| ASSIGNED TASK |
With pictures left out, set down exactly the lines from the line containing "Elegante Chaqueta de" through the last line of the data.

| EXERCISE DATA |
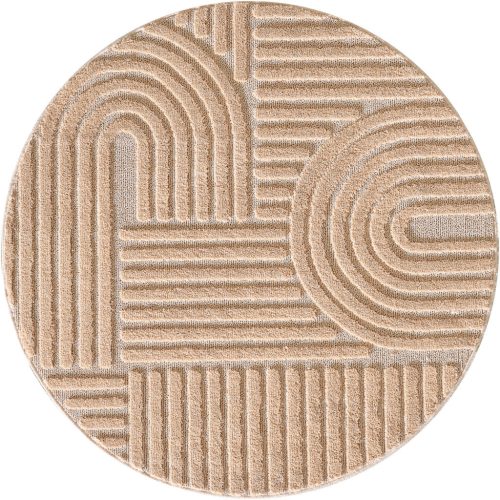  Ay. ART 1121 Covor rotund roz shaggy 80 x 80 cm
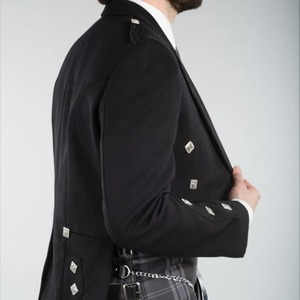 Elegante Chaqueta de Vestir Escocesa para Hombre Prince Charlie, 100% Lana, Diseño Sólido, Temporada de Invierno, Servicio OEM Disponible - Product Image 4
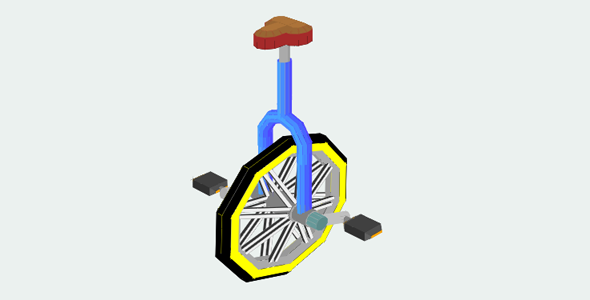 css3独轮自行车动画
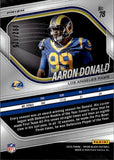 2025 Aaron Donald Panini Prizm Black BLUE ICE PRIZM 92/125 #78 Los Angeles Rams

| WRITTEN REPLY |
 Elegante Chaqueta de Vestir Escocesa para Hombre Prince Charlie, 100% Lana, Diseño Sólido, Temporada de Invierno, Servicio OEM Disponible - Product Image 4
 css3独轮自行车动画
 2025 Aaron Donald Panini Prizm Black BLUE ICE PRIZM 92/125 #78 Los Angeles Rams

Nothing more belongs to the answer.